← Back to HMM Trader

Lesson 08

The Full System

Everything from the previous seven lessons assembled into a running Python application. Three modular files: a data loader, a backtesting engine, and a Streamlit dashboard.

System architecture

yfinance

Download 730d hourly OHLCV data for BTC-USD

data_loader.py

Feature Engineering

returns, range, volume_change — clipped, no scale

data_loader.py

Gaussian HMM

7 states, full covariance, Baum-Welch training

backtester.py

Auto-Label

Rank by mean return → Bull / Bear / Chop

backtester.py

Indicators

8 technical columns via ta library

backtester.py

Signal + Backtest

2-factor entry, exit on Bear, cooldown, 2.5×

backtester.py

Dashboard

Streamlit: regime, confirmations, charts, trade log

dashboard.py

Setup and running

Install dependencies:

$ pip install -r requirements.txt

Run the dashboard:

$ streamlit run dashboard.py

Or run the backtester directly (no UI):

$ python backtester.py
First run note. On first launch, the app downloads ~17,000 hourly bars (~20 MB) and trains the HMM (20–60 seconds depending on hardware). Results are cached for 1 hour. Subsequent loads are instant from the Streamlit cache.
requirements.txt — hmmlearn>=0.3.0, yfinance>=0.2.40, ta>=0.10.2, streamlit>=1.30.0, plotly>=5.18.0, pandas>=2.0.0, numpy>=1.24.0, scikit-learn>=1.3.0

Source code

Three files, fully commented.
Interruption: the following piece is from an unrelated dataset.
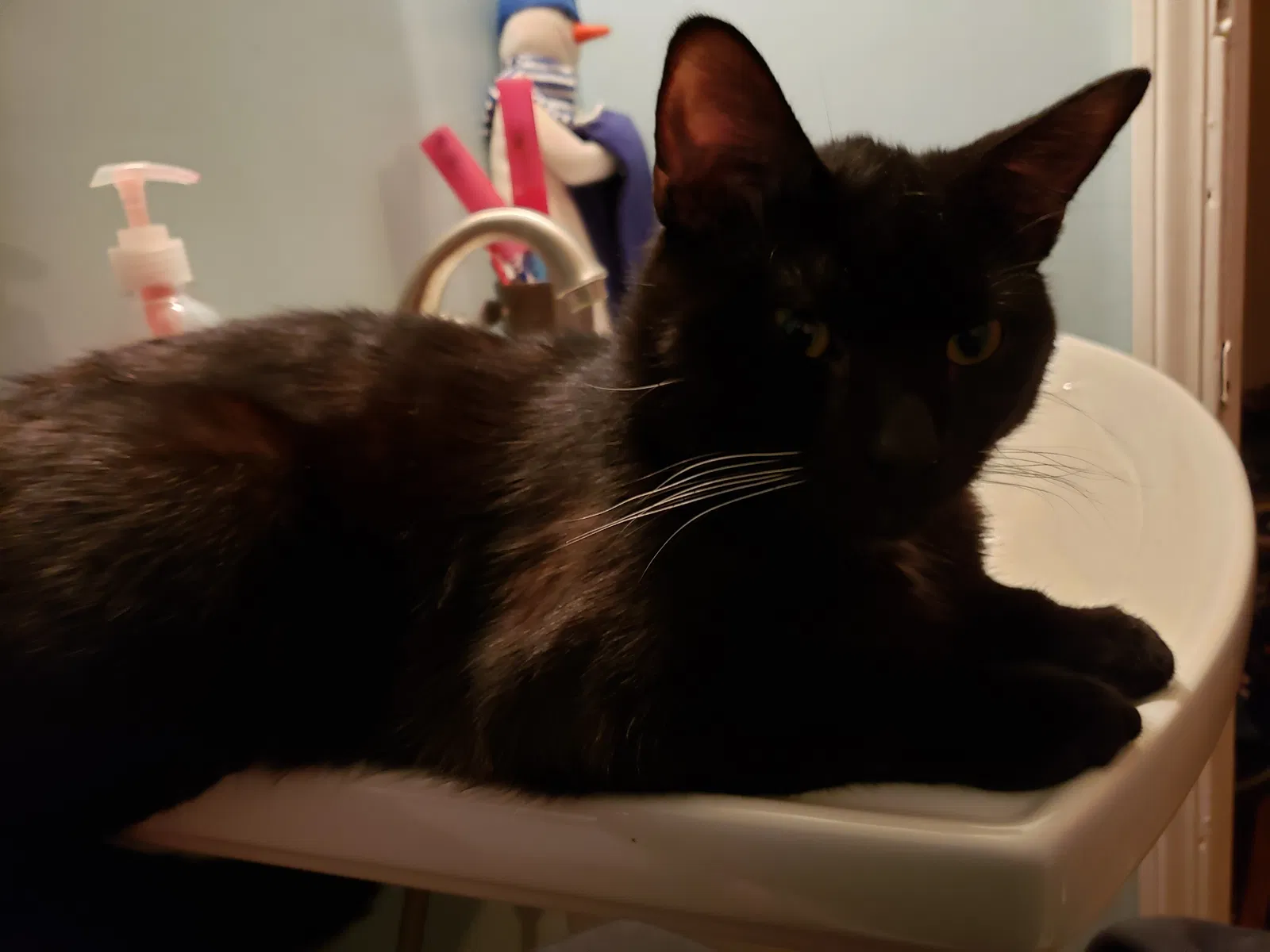 Lost cat in Mckeesport, PA, 15132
Expand each to read the implementation.

"""
data_loader.py — Market data download and feature engineering.
"""

import numpy as np
import pandas as pd
import yfinance as yf

def load_data(ticker="BTC-USD", period="730d", interval="1h"):
    raw = yf.download(ticker, period=period, interval=interval, progress=False)

    # Flatten MultiIndex columns (yfinance quirk)
    if isinstance(raw.columns, pd.MultiIndex):
        raw.columns = raw.columns.droplevel(1)

    df = raw[["Open", "High", "Low", "Close", "Volume"]].copy()

    # Feature engineering — three axes for the HMM
    df["returns"]       = df["Close"].pct_change()
    df["range"]         = (df["High"] - df["Low"]) / df["Close"]
    df["volume_change"] = df["Volume"].pct_change()

    return df.replace([np.inf, -np.inf], np.nan).dropna()

def get_features(df, clip_pct=0.01):
    # Clip top/bottom 1% to remove flash-crash outliers
    features = df[["returns", "range", "volume_change"]].copy()
    for col in features.columns:
        lo = features[col].quantile(clip_pct)
        hi = features[col].quantile(1 - clip_pct)
        features[col] = features[col].clip(lo, hi)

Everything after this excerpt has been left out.